どれだけ逃げようとしたところで現実からは逃げ出せはしない。逃げだしてはいけない。
それが自分がしなくてはいけないことであるなら受け入れなくてはいけないのだと、いつものように笑い続ける青年を見て言い聞かせる。
「……そう。おかしいしゃいね」
やっと声が出せた。その事に密かに安堵と を覚えながら理矢は書類に投げ抱えていた視線を清水に向ける。
「ここ最近はひっきりなしに起きてたって言うのにしゃいね」
「被害者も一日に何人もでていましたからね。どうしてでしょうか」
ことりといつもの笑みのまま首をかしげる青年に理矢は腕組みをして考える姿を取る。何処かにいる思考を停止してしまいたいと思う自分を感じながら、抑え込んで何とか考える。
「警戒して?」
ごちゃごちゃに揺れる思考の隙間。何とか出した一つの考え。だがそれが正解ではないことは考えるまでも分かっていた。時間をただ引き延ばしているだけ。そうと分かりながらも清水はそんな意味のない言葉に付き合ってくれる。
「何を?」
逃がしてくれるわけじゃない。言葉にしている間に思考をまとめさせようとしているだけだ。つくづく自分の部下は優秀だと思いながら会話を進める。
「さあ? 私達とか、他の祓い屋機関とか。まあこの辺の町で勝手に妖怪を祓う奴らもいないと思うけど、でも」
「警戒心だけで動きを止めるような奴ですか」
続けようとした言葉はなんなく飲み込まれる。正しい言葉。少しでも寄り道をしようとあがくのを正しい道筋に連れて行こうとする。

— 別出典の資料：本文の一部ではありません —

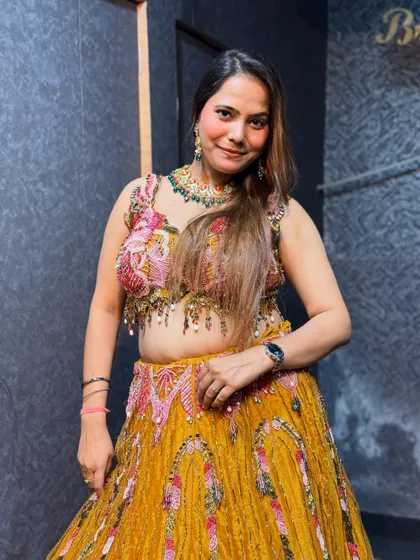 A close-up of the vibrant yellow haldi lehenga, showing the colorful embroidery on the blouse.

「違うしゃいね。そもそももうそんなことができるはずもないしゃい」
「ええ、だからこういう事になっているんですしね」
「そうしゃいよね……。じゃあ、何があったんしゃいかしら」
諦めて軌道修正。泣き出しそうな顔をする理矢を前に清水は変わらず薄く笑ったまま言葉を紡ぐ。その笑顔を前にして理矢は考える。逃げ出したいと思う心を封印して、ぐちゃぐちゃの思考を一つ一つひも解いて答えを探す。
「まさか……」
思いついた答えに顔から血の気が引いていくのが分かった。青年がゆったりと笑った。
「それは、想定しうる限りの最悪の展開ですね」
焦りのない落ち着いた声が告げる。それとは正反対に理矢の心臓はバクバクと脈を打ち、額からは汗が流れ落ちる。息をするのを忘れたかのように理矢の口は開閉を繰り返し、何かを言おうとする。そしてやっと言えた一言に変わらない笑みをはダメ出しをする。
「まだ、早いはずしゃい」
「ええ、予定では」
予定は未定。そんな言葉が頭の中を浮かんだ。時が止まる感覚がした。カチコチカチコチと部屋の中の時計は音を立てるのに理矢の中の時間だけは止まってしまったような。
「……」
苦しい息を吐き出した。この場から逃げたいと死ぬほど思った。それでも理矢は笑顔を見る。
「清水優貴」
「何でしょう」
「この書類の始末、全部任せて良い」
「よいわけないでしょう」
「……じゃあ、期限を送らせるように連絡しといてしゃい。私、今から用事が出来たしゃいよ」
「仕方ありませんね。分かりました」
返事を聞くや否や理矢は部屋の中から飛び出した。見ないふりしてここまで来た。やるべきことは一つだと分かっていながら、それでも気付かないふりをし続けた。もう遅いのは分かっている。だけどやるべきことなすべきことをやる前に理矢はもう一度だけあがいておきたかった。
最後の瞬間どうしてもそう思ってしまった。
2
葉水学園、図書室。そこではいつものように騒がしい声が聞こえていた。その中で一際高い声が響く。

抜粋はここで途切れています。